No such rule applies to the case on trial. It is here proved that, by law, the justice had no approximation to jurisdiction. He has not, by statute, jurisdiction, by long summons, over all persons residing in his county; but only over those who (residing in the county) also reside in his own town, or in a town adjoining his own town; or where the plaintiff resides in the same town with the justice, or in and adjoining one. Ml other residents of his county are as effectually out of the reach of his long summons—(though it be, in the words of the court, his “ usual and regular” process)—as if they resided out of the state. And, further, as to any one kind of process issued by a justice, I see not how it is to be designated his “usual and regular ” process; inasmuch as all his processes are given to him by positive enactment; and each, {in its appropriate cases,) is as “usual and regular” as any other.

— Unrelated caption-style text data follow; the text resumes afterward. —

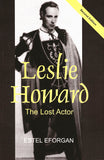 Leslie Howard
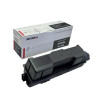 TONER COMPATIBILE INTEGRAL (TK-1260, 1T0C150NL0) PER KYOCERA PA4000WX | 10K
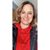 Jenn Haase's profile image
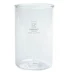 Máy pha cà phê HARIO Home Water Drop Ice Pha cà phê Glass Glass Drop Coffee Maker WDC-6 - Cà phê Cà phê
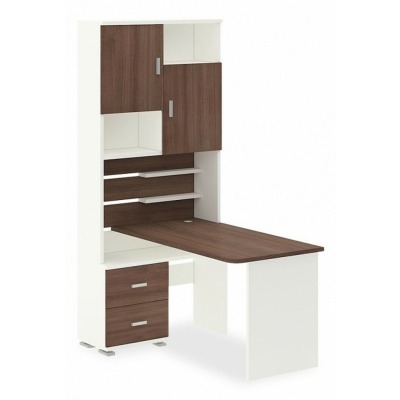 Стол компьютерный Домино СР...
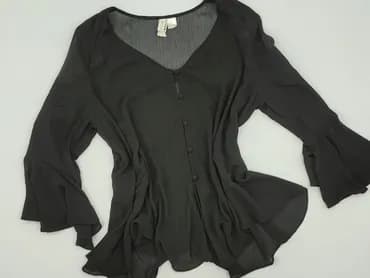 Жіноча блуза, M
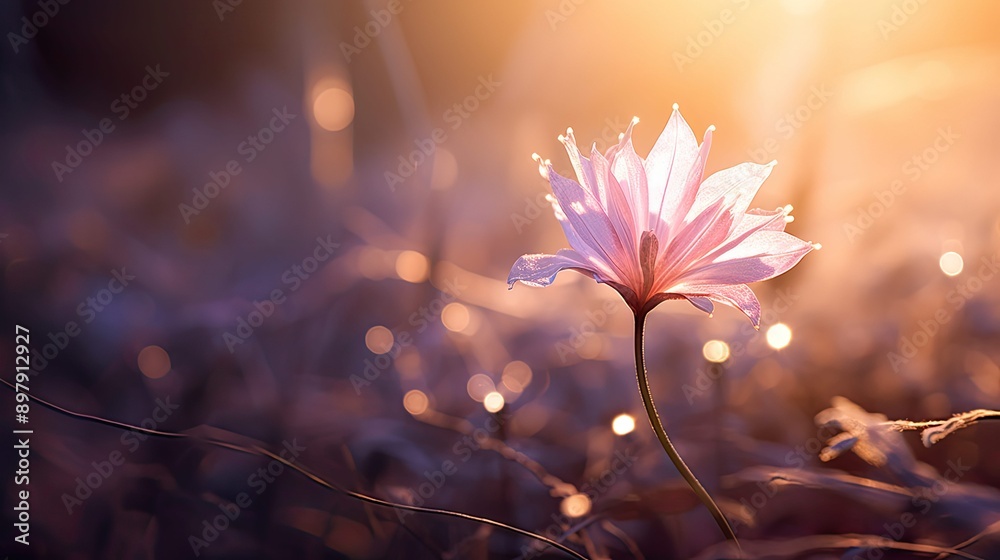 photograph lighting flare photograph lighting flare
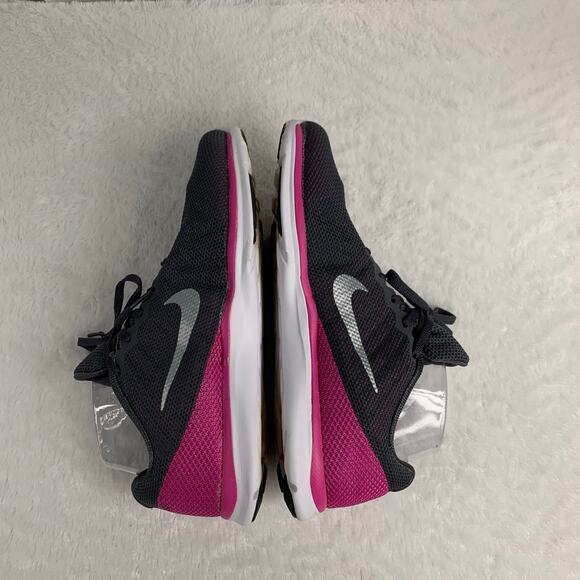 Nike Women's In-Season TR 6 Athletic Shoes Size 9 - Picture 5 of 9
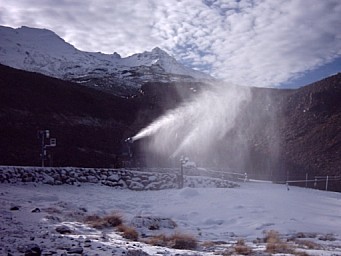 ssl01.jpg: 512x384, 142k (2014 Jul 21 07:42)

The reason of the statute (restricting the powers of a justice to cases which belong to his neighborhood) was never more manifest than in this case. A plaintiff residing within a mile or two of the city of Troy, sues two defendants, one living in Troy, and the other within three miles of Troy, (at Lansing-burgh,) and (as if for the express purpose of vexation) gets a summons from a justice of the town of Hoosick, some twenty-five miles distant from either of the parties! Is it the law, that a plaintiff may thus defy the express provisions of the statute, and put a defendant to the expense and inconvenience of going to the extreme part of the county, to prevent being subjected *297to a judgment for just so much as (in defendant’s absence) a justice can be hoodwinked into giving 1 If it be, it is high time the law were altered.

It must be decreed that said judgment is utterly void ; and that the same be cancelled of record ; and that all proceedings had on or under the same be set aside, and all future proceedings thereon forever prohibited. And further, that the plaintiffs recover of said defendant their costs in this action.